Torcer el rumbo que seguía el país

Enrique Szewach, vicepresidente del Banco Nación.

Ezequiel Szevach-01

Cada uno tiene sus gustos respecto de los ritmos y velocidades, pero cuando nos agarran las ansiedades, la realidad nos dice que hay una restricción política y social que es evidente.

 

En este primer año, el gobierno de Mauricio Macri hizo un trabajo importante para torcer el rumbo que seguía el país, que era acabar como Venezuela. La gente no necesariamente sabe lo que se evitó, porque es contrafáctico. Pero creo que la historia va a valorar de este gobierno haber recuperado el marco republicano y haber evitado que el país se convierta en Venezuela.

De todos modos, Argentina evitó Venezuela pero llegar a Nueva York lleva tiempo. La minoría en el Congreso hizo que la baja del déficit fiscal se haya hecho más difícil. Venimos del gobierno de Cristina Fernández de Kirchner, en el que el dinero se usaba para subyugar. Ahora se usa para convencer. Por otra parte, quizá se subestimó el estado de la obra pública, donde limpiar lo anterior demoró más de lo esperado. En general, el Gobierno se encontró con una cuestión complicada y se pagó con el nivel de actividad.

En este contexto viene creciendo el endeudamiento. El gobierno heredó un déficit fiscal alto y la sociedad argentina votó el gradualismo fiscal, pero si se quiere bajar la inflación, es necesario endeudarse. Como el sistema financiero es muy pequeño y arrastra 70 años de populismo, la única forma de cerrar la ecuación es con deuda externa.

Por otra parte, el ingreso de dólares para financiar gastos en pesos viene presionando al tipo de cambio. Cada sector enfrenta una situación diferente. Al mirar la carga impositiva, los costos laborales y los de logística, hay un margen importante de competitividad que tiene poco que ver con el tipo de cambio. Argentina aspira a salarios altos, lo que implica capital asociado al trabajo, tecnología y eficiencia del sector público.

Respecto al sistema financiero, hay que generar competencia y apertura. Tiene que crecer y se están tomando las medidas para eso. Es una estructura poco eficiente que ganaba dinero con la inflación. Al bajar las tasas de interés, hay una presión grande por la eficiencia. La tecnología va a ayudar. El desafío es modernizarse. El Banco Nación es grande y el tamaño le permite aplicar el gradualismo, algo que un banco más chico no puede hacer.

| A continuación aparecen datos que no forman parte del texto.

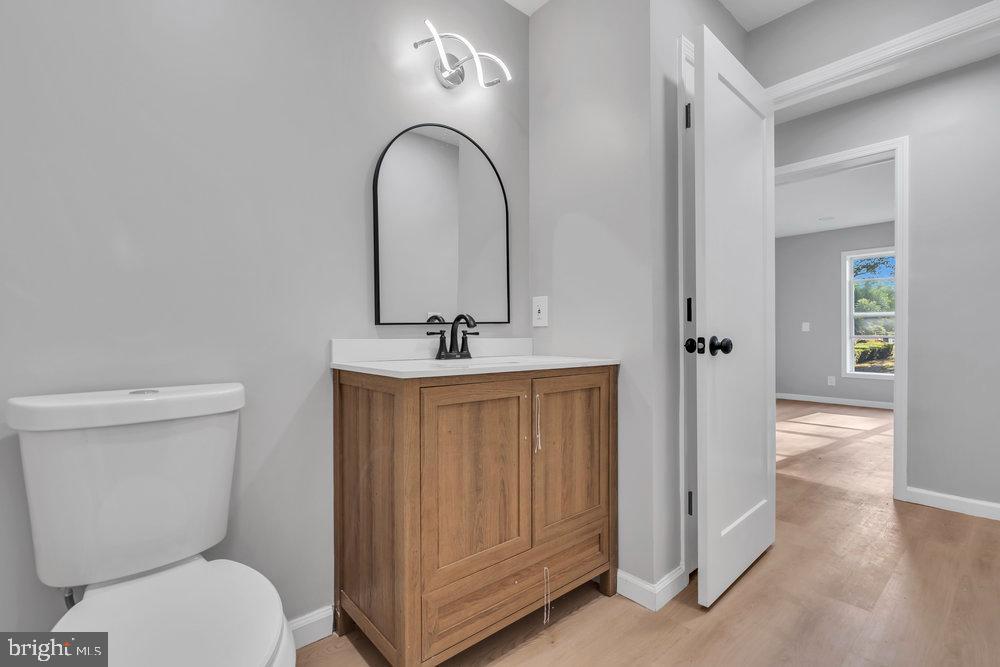 345 Spruce Street Bridgeton, NJ 08302 - Photo 35 of 43 a bathroom with a toilet a sink and mirror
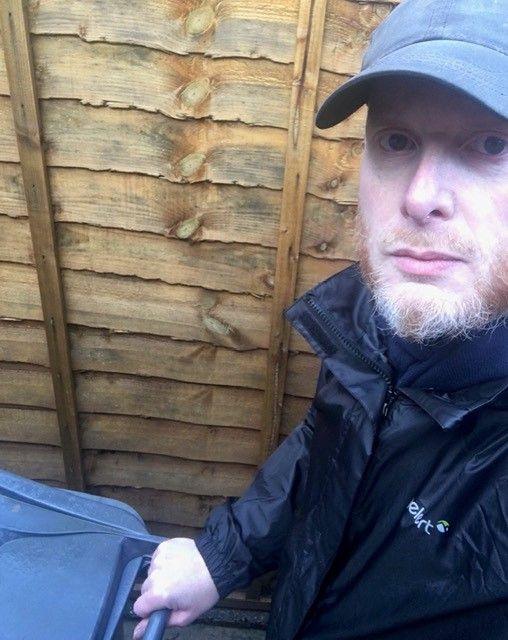 A man with a ginger and white beard, wearing a pale blue hat and a dark jacket, stands next to a fence while holding a wheelie bin.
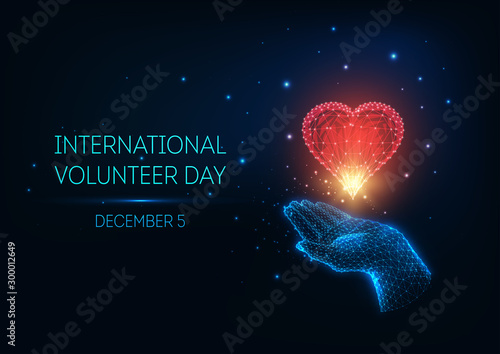 Futuristic glow low poly International Volunteer Day concept with hand holding red heart and text .
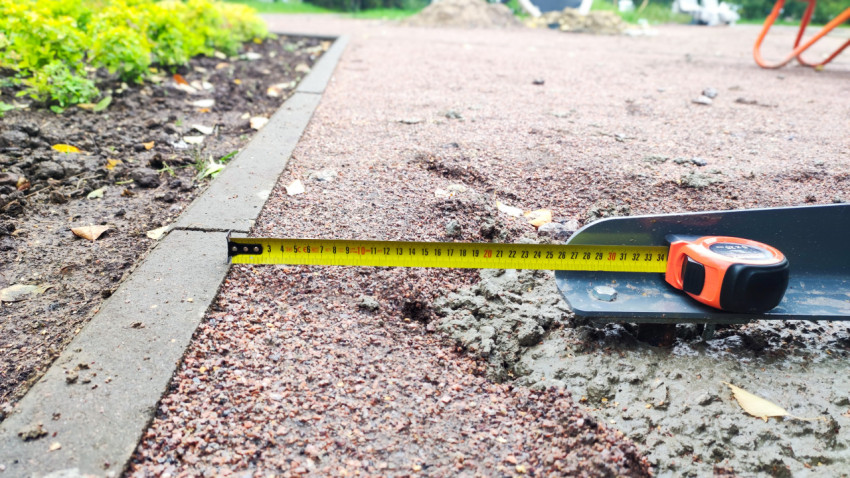 Измерение расстояния между бордюром и основанием металлической конструкции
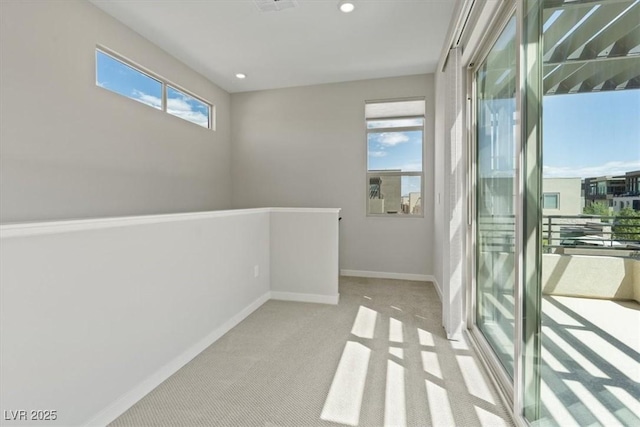carpeted empty room featuring baseboards and recessed lighting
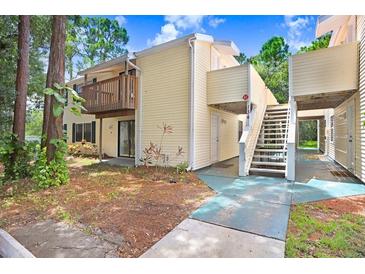Two-story condo with yellow siding, a small patio and a stairway to an upper unit at 134 Sycamore Ln # F, Oldsmar, FL 34677
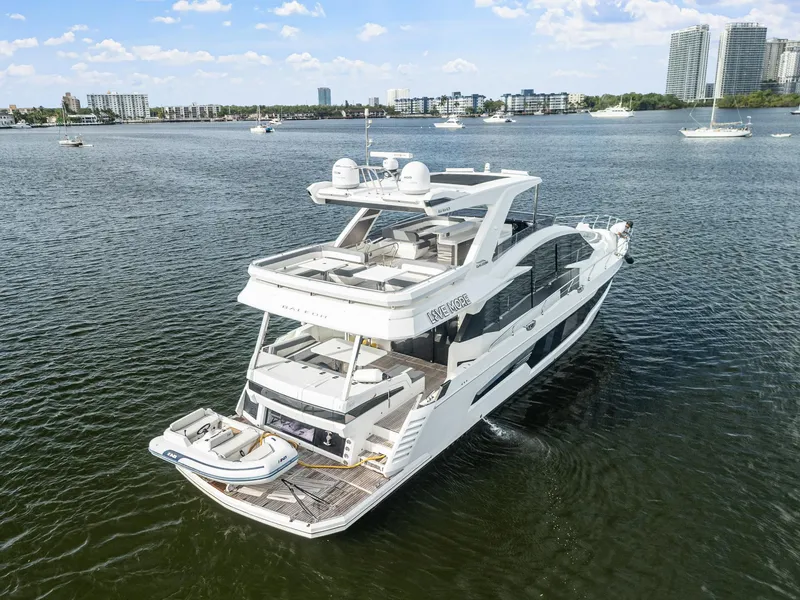 Slide: The Image of Luxury 2021 Galeon 680 Fly yacht cruising on a scenic waterfront. - 31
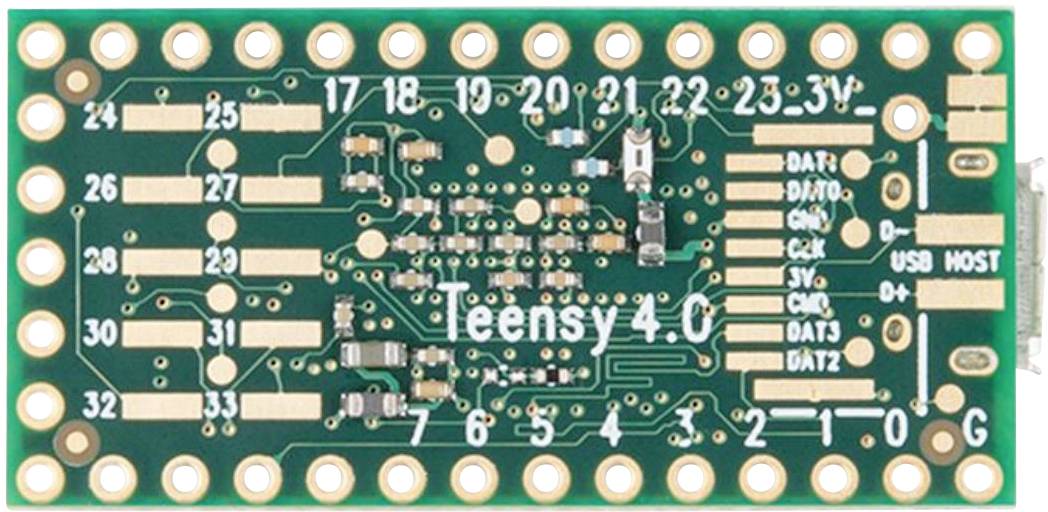 Mikrocontroller-plade 'Teensy 4.0' med talrige forbindelses-ben og mærkninger på grøn printplade.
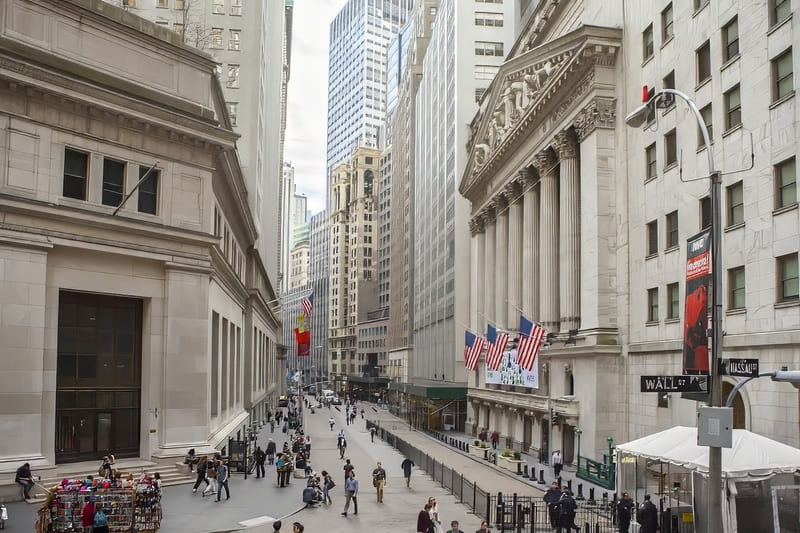 Khung cảnh nhộn nhịp của phố Wall với người đi bộ ngang qua Sở Giao dịch Chứng khoán New York. Cờ Mỹ được treo trên tòa nhà, thể hiện năng lượng và tầm quan trọng của nó.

Asimismo, para profundizar la bancarización el tema impositivo es fundamental. El premio a no estar bancarizado es muy grande. Por más tecnología y educación que se ponga y más cultura que se quiera cambiar, la gente responde a incentivos. Si no hay una reforma impositiva es difícil que aumente la bancarización.

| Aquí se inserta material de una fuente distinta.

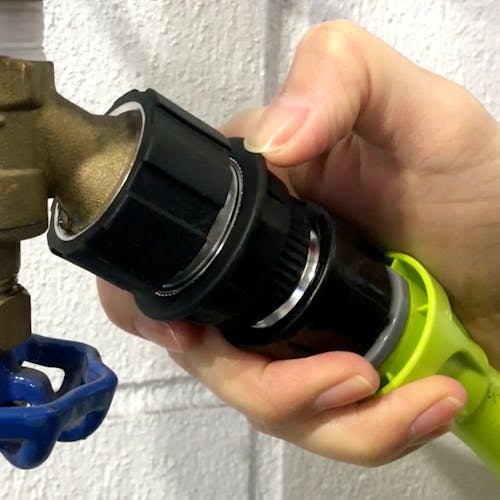 Aqua Joe No-Splash Aluminum Quick Connect Adapter being attached to a garden hose.
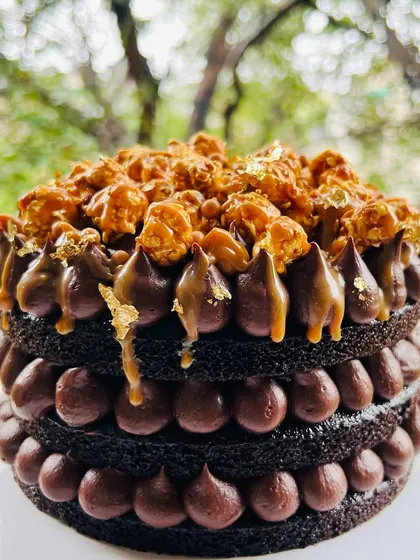 The perfect treat for a rainy day. This is my naked chocolate cake with salted caramel, chocolate ganache dollops, and a topping of crunchy caramel popcorn.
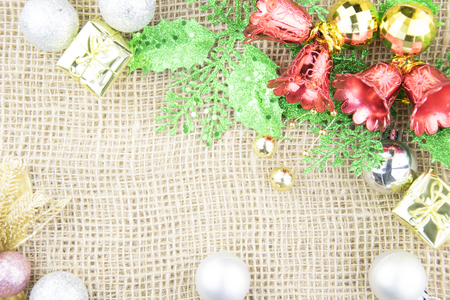 Christmas decoration on brown sackcloth backgroundの写真素材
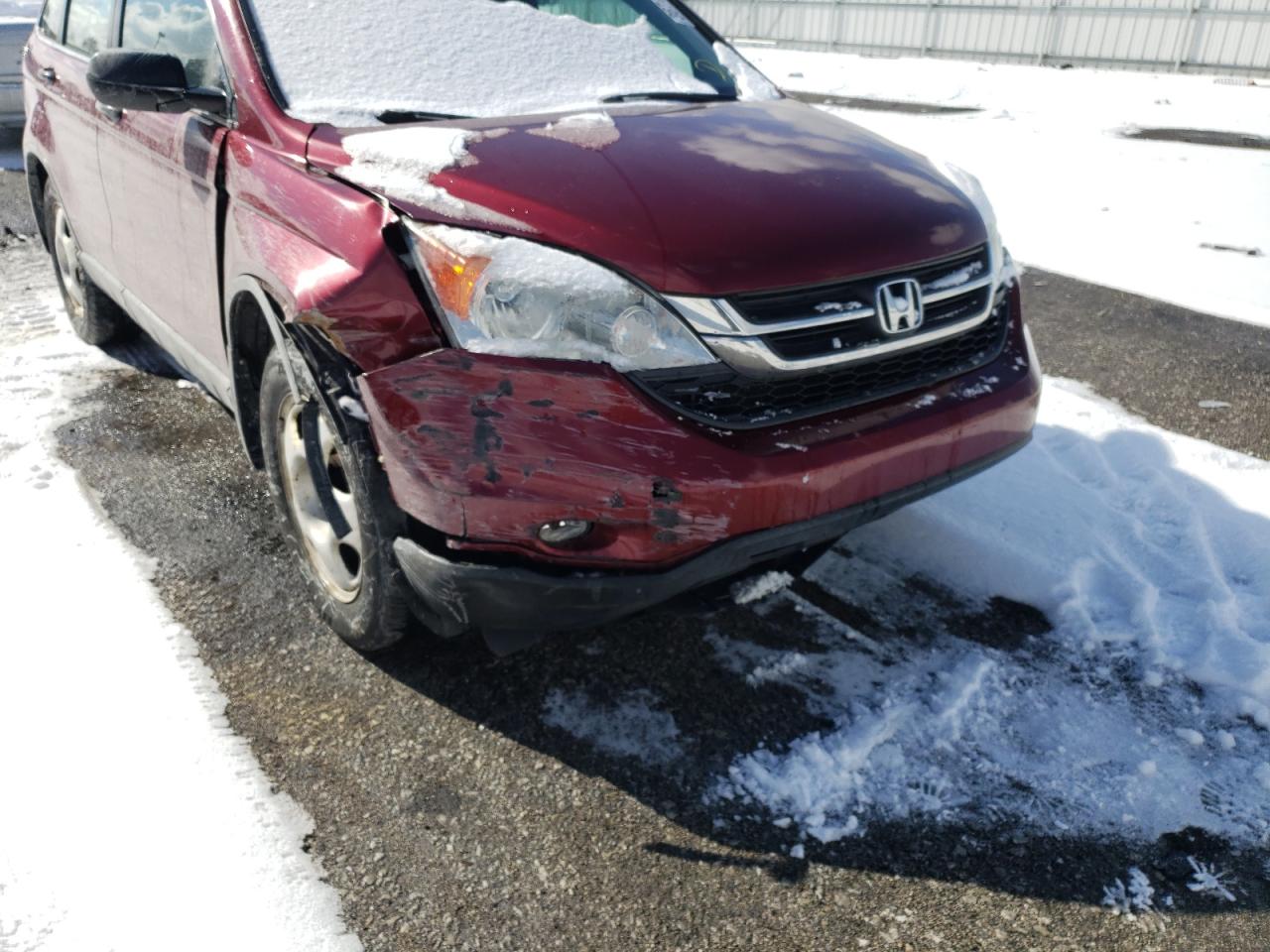 Photo 9 from auction – 2011 HONDA CR-V LX with VIN 5J6RE4H30BL033686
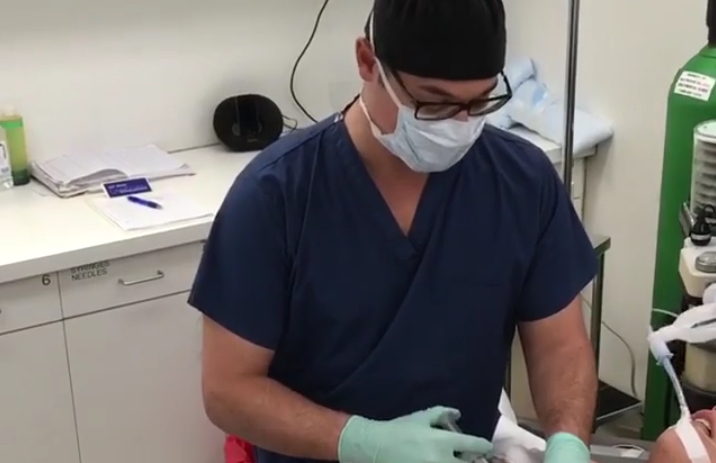 Screenshot from Buzzfeed Facebook Live video of skin-tightening surgery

En 2017 hay consenso en que la economía va a crecer, aunque hay dos cisnes negros: Donald Trump en Estados Unidos y si la economía de Brasil se recupera o no. Hay que aprovechar el crecimiento de 2017 para impulsar una reforma impositiva, para que las provincias bajen ingresos brutos y para que la obra pública genere la infraestructura adecuada para bajar los costos. Cada uno tiene sus gustos respecto de los ritmos y velocidades, pero cuando nos agarran las ansiedades, la realidad nos dice que hay una restricción política y social que es evidente.